Alonzo M. Fuller House
by: chicago designslinger
[Alonzo M. Fuller House (1890) Frederick W. Perkins, architect /Image & Artwork: chicago designslinger]
Frederick W. Perkins was a Chicago based architect who had a very lucrative and productive career - yet most people have never heard of him. Even so, Perkins was one of the city's socially registered go-to architects at the close of the 19th century and first quarter of the 20th. And for those who may be wondering, he was not related to the more famous and achitecturally recognized Dwight Perkins. This Perkins designed homes and investment properties for some of the city's bigger big wigs like Joseph Leiter, son of Chicago retail and real estate tycoon Levi Leiter. F.W. Perkins designed Chateauesque style mansions for Philip Armour on Prairie Avenue and John Shedd on Drexel Boulevard. The Lake Forest house Shedd had built for his daughter and son-in-law Charles Schweppe was a Perkins commission, and the summer homes on Mackinac Island for industrialist Michael Cudahy and attorney Lawrence Young - which later became the summer residence of the Michigan's governor - were done by Perkins as well. His style choices were eclectic to say the least, which apparently made him a popular choice for some of the city's prominent residents. But before those jobs appeared on Perkins' drafting table, and four years after starting his private architectural practice, the Phillips Exeter Academy and MIT graduate designed one of his first major residential commissions for wholesale grocer Alonzo M. Fuller in 1890 in a style influence by the work of architect Henry Hobson Richardson with a few Queen Anne-styled flourishes added into the mix.
[Alonzo M. Fuller House, 4832 S. Ellis Avenue, Chicago /Image & Artwork: chicago designslinger]
Alonzo Fuller came to Chicago in the early 1860s and got a job working in the fancy candies and fruits emporium of William M. Hoyt.
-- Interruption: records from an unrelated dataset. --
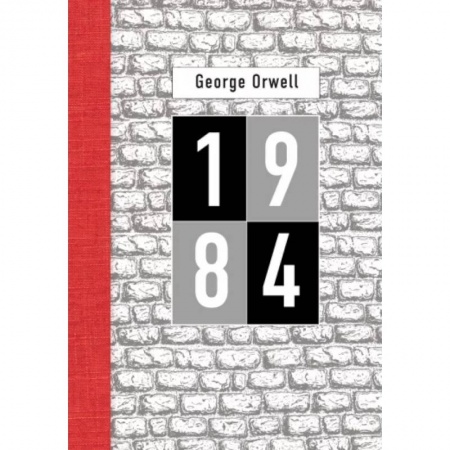 Чтение на английском языке, книга 1984 купить по скидке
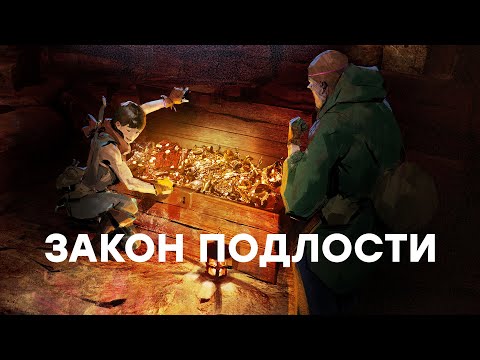 Видео: [СТРИМ] Игра на нервах. Dark and Darker вернулась в Steam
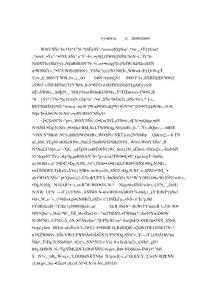 地理大發(fā)現(xiàn)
Three years later Fuller and his co-worker Robert Bennett bought the store from Hoyt and watched their business venture go up in smoke along with a large portion of the rest of the city in 1871. They rebuilt, but in 1873 merged their enterprise with Hoyt's new wholesale grocery business and Fuller married Hoyt's sister Lotta. In 1882 William M. Hoyt & Company was incorporated with Hoyt as president; Fuller as vice-president, general purchaser and sales manager; and Bennett as secretary/treasurer. By 1890, when Perkins's house for the Fullers was built, Hoyt & Co. was generating over $3 million in yearly sales.
[Alonzo M. Fuller House, Hyde Park - Kenwood National Historic District, Chicago /Image & Artwork: chicago designslinger]
Chicago's wholesale grocers supplied the food stuffs found in small grocery stores around the city and the Midwest. Back-in-the day before the mega-corporate grocery store chains appeared on the scene, the small neighborhood market was the main supply line for meats, along with canned and dry goods products, for millions of shoppers. Due to the city's strategic transportation location, Chicago became home to some of the largest wholesale grocers in the nation- and William Hoyt & Co. was one of them. Given his stature as one of the ones who'd made it big in his adopted city, Fuller decided to build his multi-storied mansion on a very large lot on an up-and-coming street lined with other very large lots, in the Kenwood section of Chicago. Fuller's Ellis Avenue, and the adjacent Drexel Boulevard, would become the site of some of the city's largest houses, built with some of the city's large fortunes. Yet for all the energy and expense put into their "we have arrived" dwelling, the Fullers only occupied the house for a relatively short eight years when the 63-year-old wholesale merchant decided to retire from Hoyt & Co. and sell Perkins's stone-faced architectural statement.
[Alonzo M. Fuller House, Kenwood Historic District, Chicago /Image & Artwork: chicago designslinger]
The house was purchased by the very aristocratic sounding Wellington E. Cudney. Ironically - or not - Cudney was also in the wholesale grocery business as a purveyor of meat and meat associated products in and around the Midwest region. A grocer, or hotel kitchen for instance, would order sides of beef from Cudney & Company Wholesale Provisions that would be shipped-out to locations near and far from their plant at Orleans and Kinzie Streets. And although the Cudneys lived in the house for far longer than the Fullers by the time of Wellington Cudney's death in 1931, Alonzo M. Fuller's name will be forever attached to the Ellis Avenue manse because in the way of the world of house naming, it's usually whoever commissioned the job and ponied-up the cash in the first place, who gets to keep the name.